* [Material for the task]
Segment Open

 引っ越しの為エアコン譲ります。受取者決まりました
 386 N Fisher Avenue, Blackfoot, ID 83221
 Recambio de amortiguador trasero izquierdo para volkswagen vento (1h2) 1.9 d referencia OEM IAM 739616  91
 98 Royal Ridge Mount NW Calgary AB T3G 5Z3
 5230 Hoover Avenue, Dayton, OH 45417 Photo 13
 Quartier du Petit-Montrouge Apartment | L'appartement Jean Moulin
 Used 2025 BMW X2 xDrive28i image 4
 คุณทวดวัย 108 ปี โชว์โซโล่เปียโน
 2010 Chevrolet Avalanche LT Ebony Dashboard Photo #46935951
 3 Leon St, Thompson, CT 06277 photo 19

Segment Closed
Segment Open

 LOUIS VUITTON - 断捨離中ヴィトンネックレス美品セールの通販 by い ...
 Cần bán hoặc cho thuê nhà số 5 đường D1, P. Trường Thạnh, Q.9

Segment Closed
Segment Open

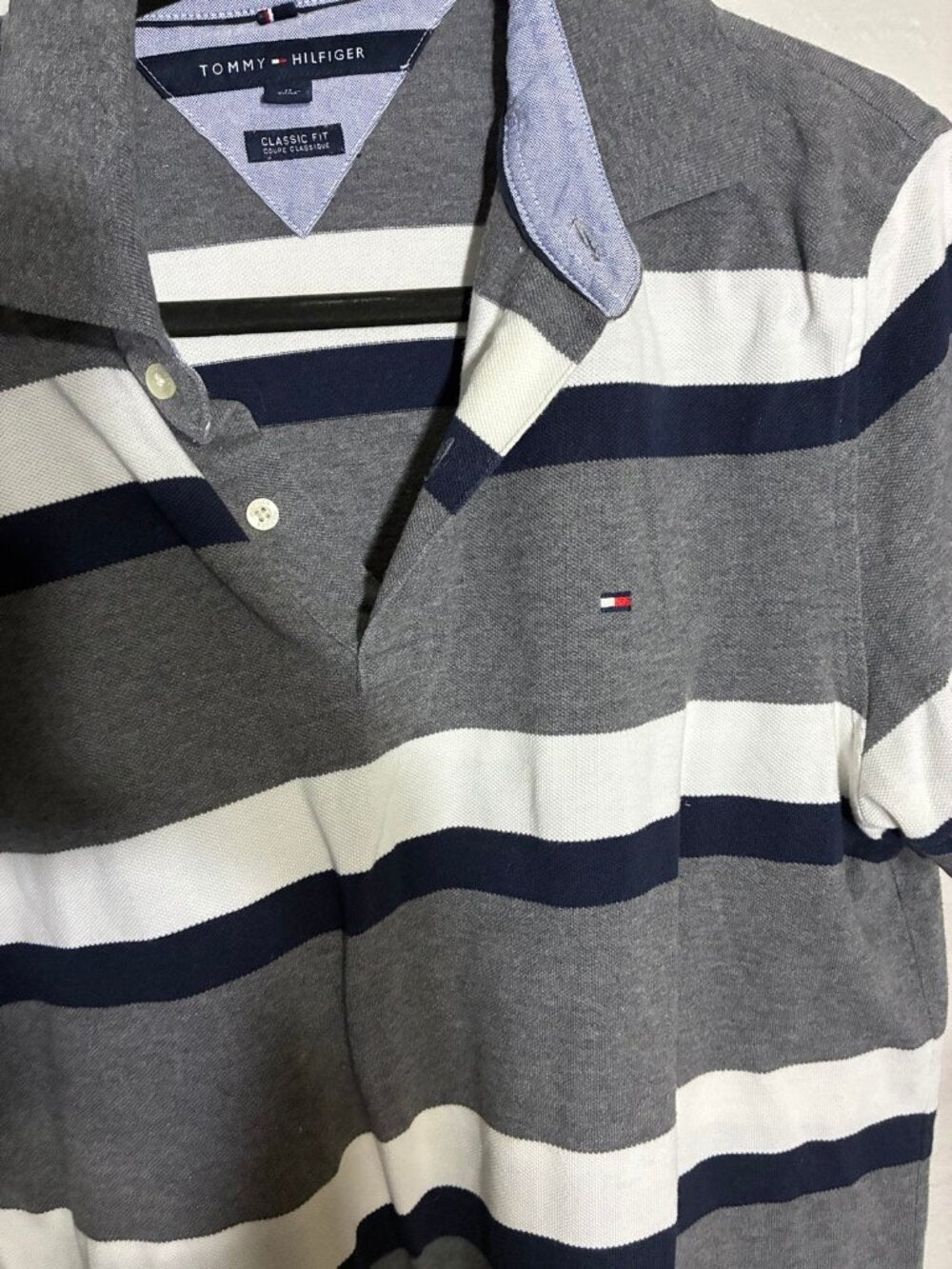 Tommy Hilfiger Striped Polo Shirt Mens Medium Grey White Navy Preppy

Segment Closed

When the line with "Recambio de amortiguador" is reached in the data above, start copying there, and copy each line exactly until the line with "3 Leon St, Thompson, CT 06277 photo 19" has been copied; copy nothing else.

* [Task answer]
 Recambio de amortiguador trasero izquierdo para volkswagen vento (1h2) 1.9 d referencia OEM IAM 739616  91
 98 Royal Ridge Mount NW Calgary AB T3G 5Z3
 5230 Hoover Avenue, Dayton, OH 45417 Photo 13
 Quartier du Petit-Montrouge Apartment | L'appartement Jean Moulin
 Used 2025 BMW X2 xDrive28i image 4
 คุณทวดวัย 108 ปี โชว์โซโล่เปียโน
 2010 Chevrolet Avalanche LT Ebony Dashboard Photo #46935951
 3 Leon St, Thompson, CT 06277 photo 19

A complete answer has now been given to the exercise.